Elaine Marshall and Cal Cunningham have both gained ground on Richard Burr after building up their exposure during the Democratic primary campaign. Burr is now in a weaker position than Elizabeth Dole was at the same point in the election cycle two years ago.
Burr leads Marshall by just a single point, 43-42, and is up 44-39 on Cunningham. Dole led Kay Hagan 48-43 immediately after the primary in 2008.
The share of the vote Burr receives is virtually unchanged from a month ago, but Marshall has gained five points of support and Cunningham has gained three. Burr's early poll leads were always a little inflated because there were a lot more Democratic leaning voters, unfamiliar with their party's candidates, saying they were undecided. Now with Marshall and Cunningham becoming better known, they're each winning a larger share of the vote with Democrats and with Democratic leaning independents.
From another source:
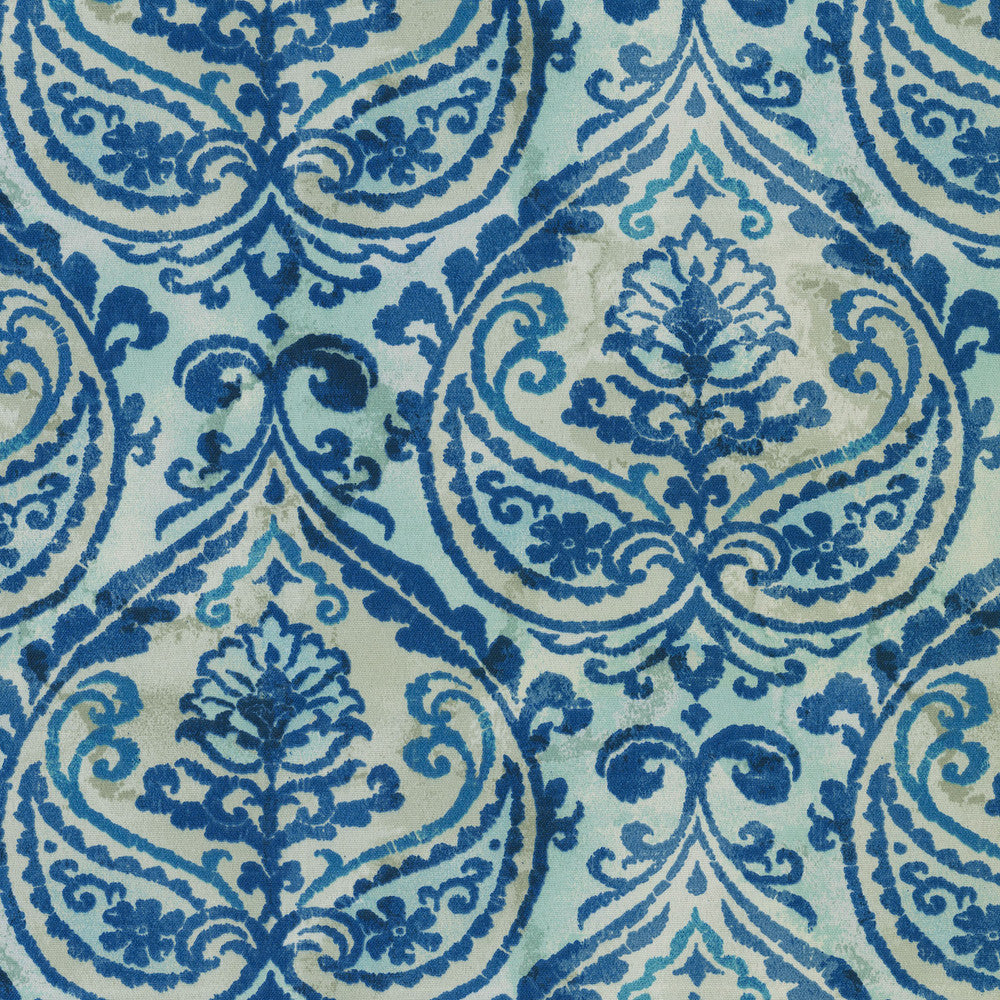 Summer Medallion Marine 408920 by PKL Studio Outdoor Fabric - 100% Spun Polyester Pakistan 51000 Horizontal: 6.75 and Vertical: 12.63 54 - Fabric Carolina -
Even after their primary ad campaigns Cunningham and Marshall are mostly unknown to voters in the state. 66% don't know enough about Cunningham to have an opinion and the same is true for 57% of voters when it comes to Marshall. Cunningham's name recognition has improved by 21 points in the last month and Marshall's has by 13, but they both still have a long way to go before they become known quantities to most voters in the state.
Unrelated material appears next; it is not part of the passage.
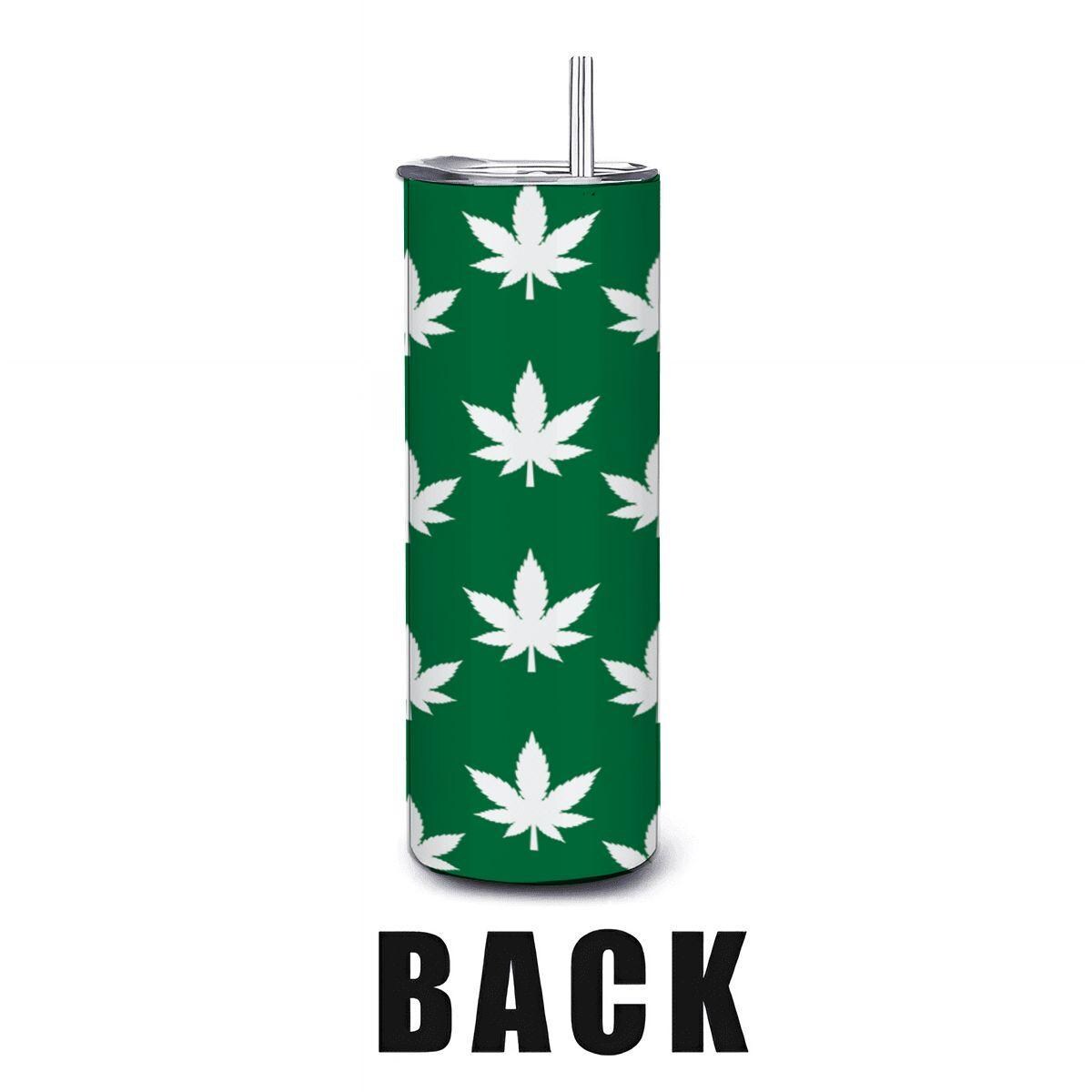 ColorFlow | Classic Green Leaf Tumbler 20oz | Cannabis Stainless Steel Cup | Weed Gift for Coffee Lovers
Ultimately the race's closeness at this point has very little to do with Cunningham or Marshall and everything to do with Burr, who continues to look like a weak incumbent. Only 37% of voters approve of the job he's doing to 40% who disapprove.
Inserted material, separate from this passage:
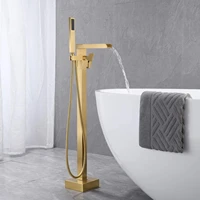 brushed goldblack freestanding bathtub faucet floor mount tub filler single handle brass tap with hand shower and swivel spout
It's good for Marshall and Cunningham that they're in a comparable or better position than Hagan at this point two years ago, but there's no guarantee the rest of this story will play itself out as it did in 2008. It's still shaping up as a strong election year for Republicans in North Carolina, and the turnout numbers from last week's primary suggested a lack of interest in this year's election among Democratic voters. Still it's becoming increasingly clear that Burr will not coast to victory this fall, and that regardless of who the Democratic nominee is this should be a very competitive race.